▸ ABOUT THIS EXERCISE: From the entries below, copy exactly the lines from the one that contains "DOS MEDIA: estratégia" through the one that contains "57兩相步進(jìn)電機(jī)接線(xiàn)圖", both included, and only those.

(DATA IN THIS EXERCISE begins)

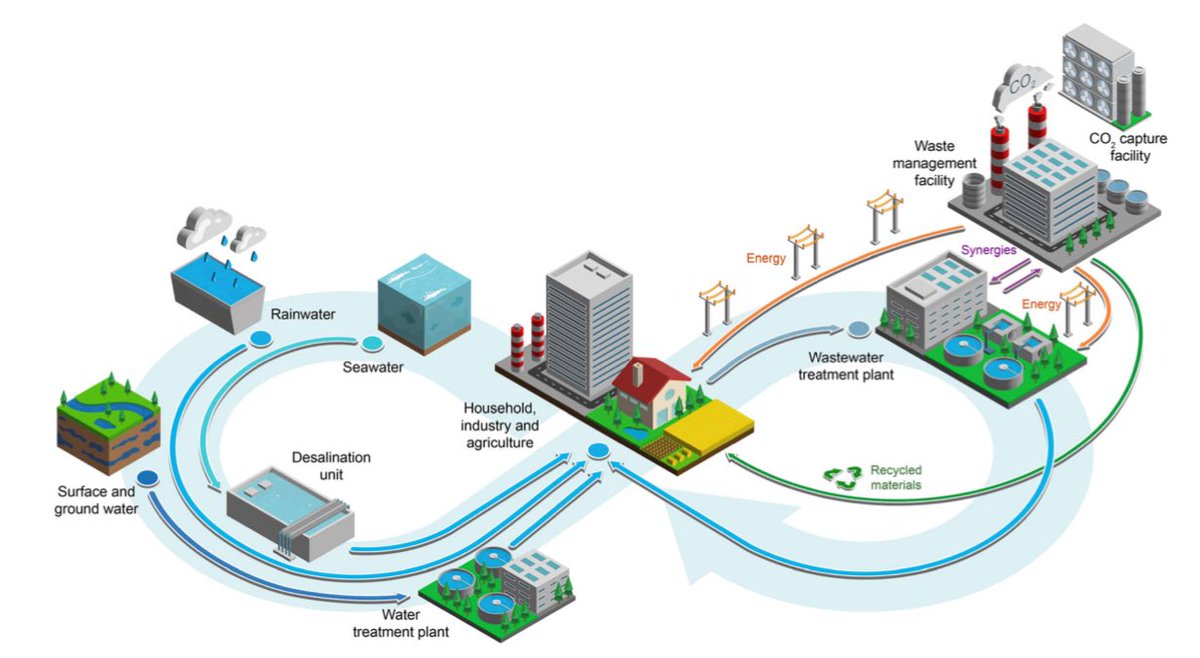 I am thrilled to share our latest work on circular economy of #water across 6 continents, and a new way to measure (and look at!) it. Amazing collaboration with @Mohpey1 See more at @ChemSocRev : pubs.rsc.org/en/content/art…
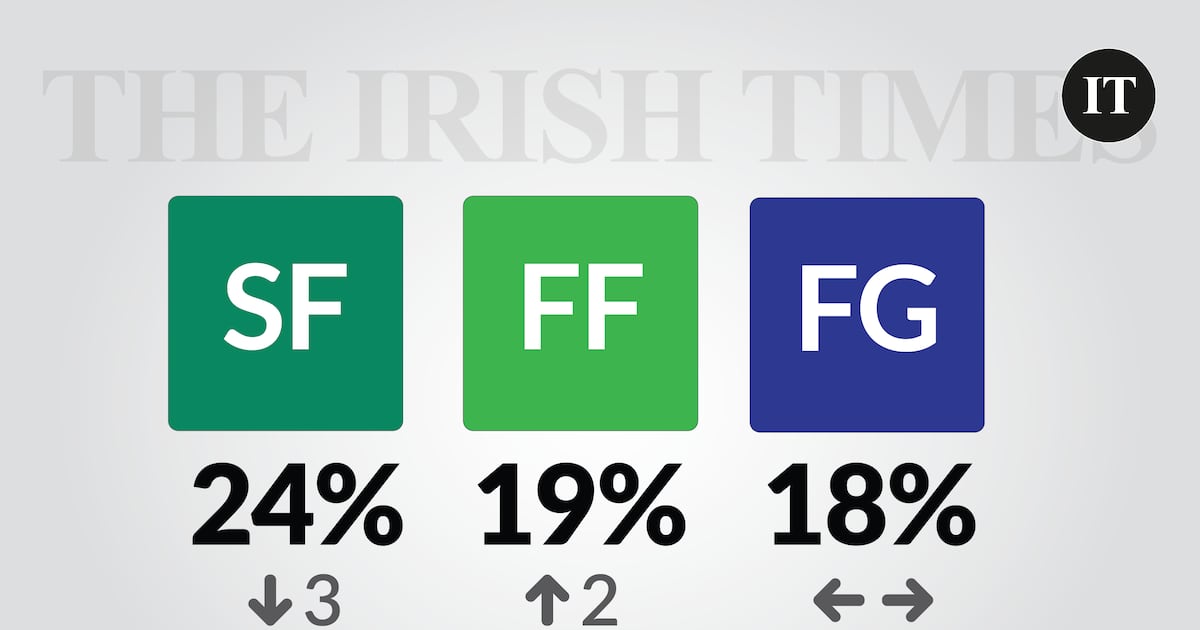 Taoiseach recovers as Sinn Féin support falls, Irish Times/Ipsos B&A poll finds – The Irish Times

(DATA IN THIS EXERCISE ends)
(DATA IN THIS EXERCISE begins)

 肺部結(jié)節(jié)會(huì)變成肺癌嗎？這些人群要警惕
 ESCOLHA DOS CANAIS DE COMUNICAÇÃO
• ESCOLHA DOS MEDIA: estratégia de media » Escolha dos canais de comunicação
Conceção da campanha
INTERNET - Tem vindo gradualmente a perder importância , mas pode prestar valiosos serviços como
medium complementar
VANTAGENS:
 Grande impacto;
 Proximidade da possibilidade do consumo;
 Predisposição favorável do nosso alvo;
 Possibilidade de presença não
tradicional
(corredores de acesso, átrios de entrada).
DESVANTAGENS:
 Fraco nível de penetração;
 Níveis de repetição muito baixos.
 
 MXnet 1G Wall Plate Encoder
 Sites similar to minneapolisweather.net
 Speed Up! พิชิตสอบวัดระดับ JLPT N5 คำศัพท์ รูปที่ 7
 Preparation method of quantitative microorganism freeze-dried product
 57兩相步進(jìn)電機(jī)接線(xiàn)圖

(DATA IN THIS EXERCISE ends)
(DATA IN THIS EXERCISE begins)

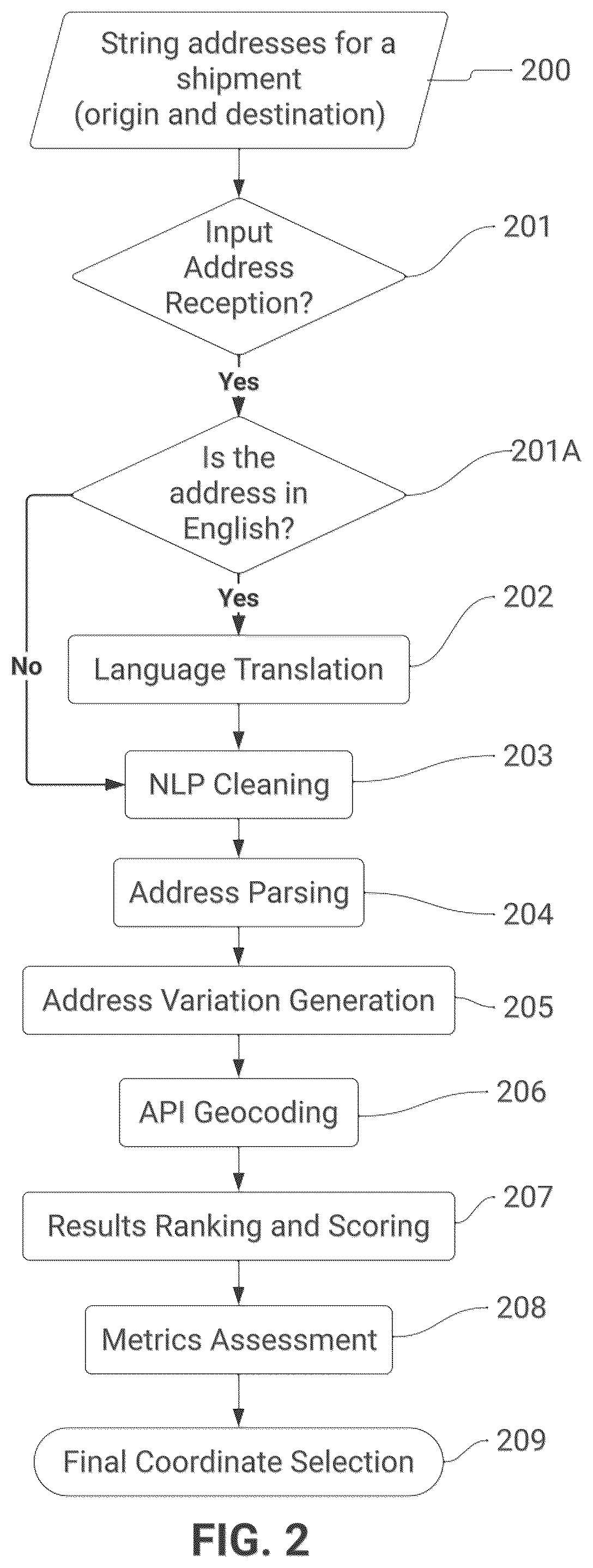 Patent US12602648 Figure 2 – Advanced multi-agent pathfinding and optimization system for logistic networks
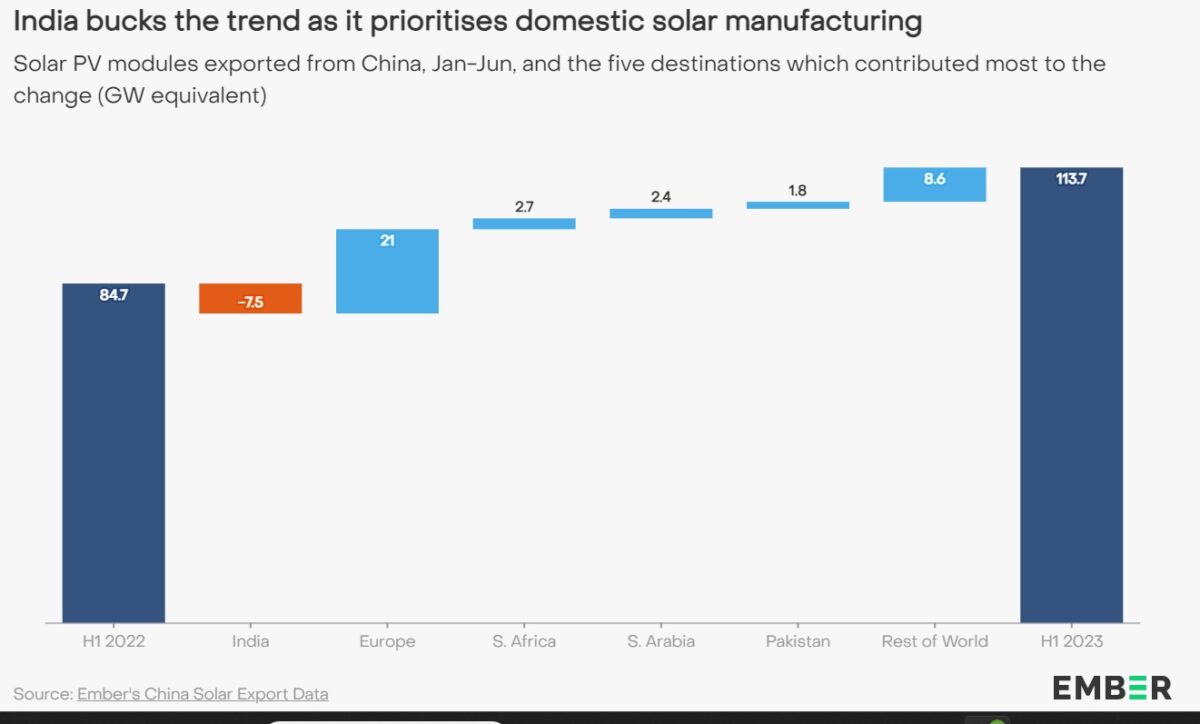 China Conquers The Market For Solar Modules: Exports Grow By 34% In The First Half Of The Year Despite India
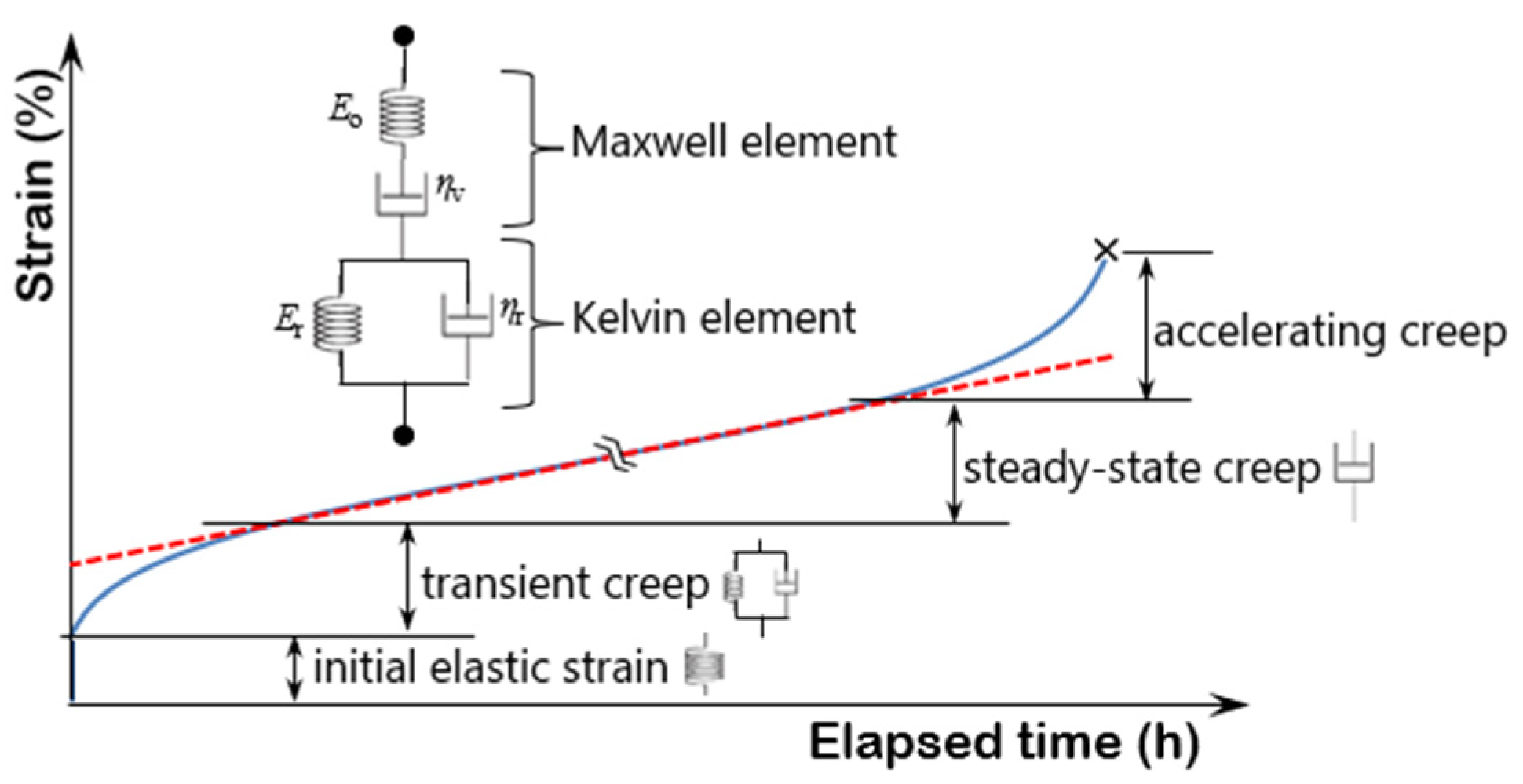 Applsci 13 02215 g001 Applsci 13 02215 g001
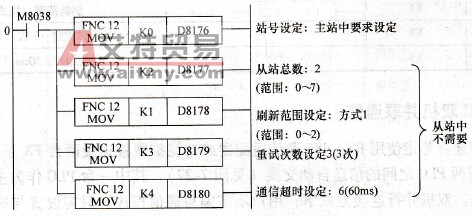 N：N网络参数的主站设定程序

(DATA IN THIS EXERCISE ends)

▸ ANSWER TO THIS EXERCISE:
• ESCOLHA DOS MEDIA: estratégia de media » Escolha dos canais de comunicação
Conceção da campanha
INTERNET - Tem vindo gradualmente a perder importância , mas pode prestar valiosos serviços como
medium complementar
VANTAGENS:
 Grande impacto;
 Proximidade da possibilidade do consumo;
 Predisposição favorável do nosso alvo;
 Possibilidade de presença não
tradicional
(corredores de acesso, átrios de entrada).
DESVANTAGENS:
 Fraco nível de penetração;
 Níveis de repetição muito baixos.
 
 MXnet 1G Wall Plate Encoder
 Sites similar to minneapolisweather.net
 Speed Up! พิชิตสอบวัดระดับ JLPT N5 คำศัพท์ รูปที่ 7
 Preparation method of quantitative microorganism freeze-dried product
 57兩相步進(jìn)電機(jī)接線(xiàn)圖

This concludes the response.